Das Ausspannen von Kunden eines Mitbewerbers ist für sich allein

selbst dann noch nicht wettbewerbswidrig, wenn es zielbewußt und

systematisch erfolgt; erst durch Hinzutreten besonderer Umstände, die

den Wettbewerb verfälschen, wie etwa das Beschaffen von Kundenlisten

auf unlautere Weise, das Abwerben von Kunden während des aufrechten

Dienstverhältnisses, das Anschwärzen von Mitbewerbern oder die

Schädigung der Mitbewerber als einziges Ziel, wird ein

wettbewerbsrechtlich verpöntes Verhalten verwirklicht (stRsp ua ÖBl

1993, 13 = WBl 1993, 162 - Nissan-Kundendienst mwN; SZ 59/153 = WBl

1987, 13 = RdW 1987, 132 = ÖBl 1987, 125 - Montagetechnik; ÖBl 1995,

112 - Reinigungsarbeiten trotz Konkurrenzverbots; ÖBl 1997, 158 -

S-Powerfrauen; ÖBl 1998, 22 = MR 1997, 163 = ARD 4935/25/98 - Elektronik Aktuell mwN). Die Rechtsprechung hat die Verwertung von Betriebsgeheimnissen (worunter auch Kundenlisten fallen können: ÖBl 1988, 13 - Tenniskartei) durch ausgeschiedene Dienstnehmer dann nach § 1 UWG geahndet, wenn sich die Dienstnehmer den Zugang zu diesen unbefugt in der Absicht der Verwertung nach Beendigung des Dienstverhältnisses beschafft haben oder wenn sie sich zu diesem Zweck von anvertrauten Unterlagen durch Abschriften oder sonstige Aufzeichnungen die dauernde und sichere Kenntnis gesichert haben (SZ 25/251; SSt 36/65; ÖBl 1988, 13 - Tenniskartei mwN zur Lehre; ZAS 1993/14 [Klicka]; Spielbüchler in Floretta/Spielbüchler/Strasser, Arbeitsrecht I3, 325).

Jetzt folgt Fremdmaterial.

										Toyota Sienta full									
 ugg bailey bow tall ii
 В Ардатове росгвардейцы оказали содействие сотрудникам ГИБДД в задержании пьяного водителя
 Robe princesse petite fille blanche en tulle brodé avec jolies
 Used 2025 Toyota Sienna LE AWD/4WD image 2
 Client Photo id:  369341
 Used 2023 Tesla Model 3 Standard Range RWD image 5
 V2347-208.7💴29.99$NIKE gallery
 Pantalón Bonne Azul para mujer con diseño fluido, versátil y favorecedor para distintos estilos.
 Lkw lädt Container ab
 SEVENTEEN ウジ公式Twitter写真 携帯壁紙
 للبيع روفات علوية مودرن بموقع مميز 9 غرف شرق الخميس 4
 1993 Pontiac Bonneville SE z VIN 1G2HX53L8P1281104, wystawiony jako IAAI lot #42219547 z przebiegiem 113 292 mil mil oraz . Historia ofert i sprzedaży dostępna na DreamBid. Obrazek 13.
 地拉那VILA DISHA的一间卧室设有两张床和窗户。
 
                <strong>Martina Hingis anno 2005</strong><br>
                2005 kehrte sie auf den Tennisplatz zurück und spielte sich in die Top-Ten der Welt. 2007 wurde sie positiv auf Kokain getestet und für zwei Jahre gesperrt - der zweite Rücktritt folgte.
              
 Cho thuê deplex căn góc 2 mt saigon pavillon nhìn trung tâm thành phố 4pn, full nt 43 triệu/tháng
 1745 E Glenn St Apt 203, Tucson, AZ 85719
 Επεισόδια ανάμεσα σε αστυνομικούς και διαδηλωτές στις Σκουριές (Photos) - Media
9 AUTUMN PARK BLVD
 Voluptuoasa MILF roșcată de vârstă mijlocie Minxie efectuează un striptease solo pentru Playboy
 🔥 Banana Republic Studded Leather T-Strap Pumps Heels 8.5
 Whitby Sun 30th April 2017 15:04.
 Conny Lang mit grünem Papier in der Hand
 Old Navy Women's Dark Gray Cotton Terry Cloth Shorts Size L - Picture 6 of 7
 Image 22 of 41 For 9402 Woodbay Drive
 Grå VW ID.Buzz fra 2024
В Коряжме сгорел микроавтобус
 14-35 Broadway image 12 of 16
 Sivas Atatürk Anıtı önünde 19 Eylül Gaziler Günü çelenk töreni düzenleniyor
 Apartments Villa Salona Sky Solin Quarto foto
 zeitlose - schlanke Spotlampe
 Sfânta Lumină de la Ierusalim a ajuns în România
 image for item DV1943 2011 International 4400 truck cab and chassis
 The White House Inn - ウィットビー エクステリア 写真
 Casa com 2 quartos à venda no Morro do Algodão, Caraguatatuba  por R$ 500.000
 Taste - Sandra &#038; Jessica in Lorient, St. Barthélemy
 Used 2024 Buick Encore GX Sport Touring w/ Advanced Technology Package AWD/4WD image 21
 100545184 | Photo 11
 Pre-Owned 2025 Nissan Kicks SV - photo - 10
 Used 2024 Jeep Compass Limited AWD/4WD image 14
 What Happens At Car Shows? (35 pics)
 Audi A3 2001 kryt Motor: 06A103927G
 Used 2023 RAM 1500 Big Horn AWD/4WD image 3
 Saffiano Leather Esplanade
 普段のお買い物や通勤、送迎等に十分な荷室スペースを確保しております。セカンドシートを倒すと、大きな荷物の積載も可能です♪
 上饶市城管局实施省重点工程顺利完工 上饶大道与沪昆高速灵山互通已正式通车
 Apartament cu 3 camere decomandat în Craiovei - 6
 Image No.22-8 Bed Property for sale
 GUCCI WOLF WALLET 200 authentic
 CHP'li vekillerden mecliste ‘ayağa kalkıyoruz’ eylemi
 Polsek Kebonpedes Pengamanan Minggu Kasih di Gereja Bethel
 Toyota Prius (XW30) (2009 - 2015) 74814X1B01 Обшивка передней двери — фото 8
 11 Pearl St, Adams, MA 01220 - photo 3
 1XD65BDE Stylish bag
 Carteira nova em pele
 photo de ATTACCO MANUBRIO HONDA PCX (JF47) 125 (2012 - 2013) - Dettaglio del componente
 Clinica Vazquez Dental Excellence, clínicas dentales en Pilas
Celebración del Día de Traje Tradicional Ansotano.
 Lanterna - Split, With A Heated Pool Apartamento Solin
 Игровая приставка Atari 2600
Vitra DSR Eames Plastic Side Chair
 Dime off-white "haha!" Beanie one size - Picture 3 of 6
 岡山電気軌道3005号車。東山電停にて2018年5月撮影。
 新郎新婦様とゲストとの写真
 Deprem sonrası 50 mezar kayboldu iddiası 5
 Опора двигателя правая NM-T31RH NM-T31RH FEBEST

Die angefochtene Entscheidung wendet diese Rechtsprechung richtig auf den Einzelfall an, wenn sie das Verhalten des Beklagten, sich die ihm (wenn auch in redlicher Weise) zugekommene Kenntnis der Kundenkartei der Klägerin durch Anfertigung von Kopien dauernd zu sichern und nach Beendigung des Dienstverhältnisses zu Zwecken des eigenen Geschäftsbetriebes zu verwenden, als sittenwidrig iSd § 1 UWG beurteilt. Der außerordentliche Revisionsrekurs der Beklagten ist mangels der Voraussetzungen des § 528 Abs 1 ZPO zurückzuweisen.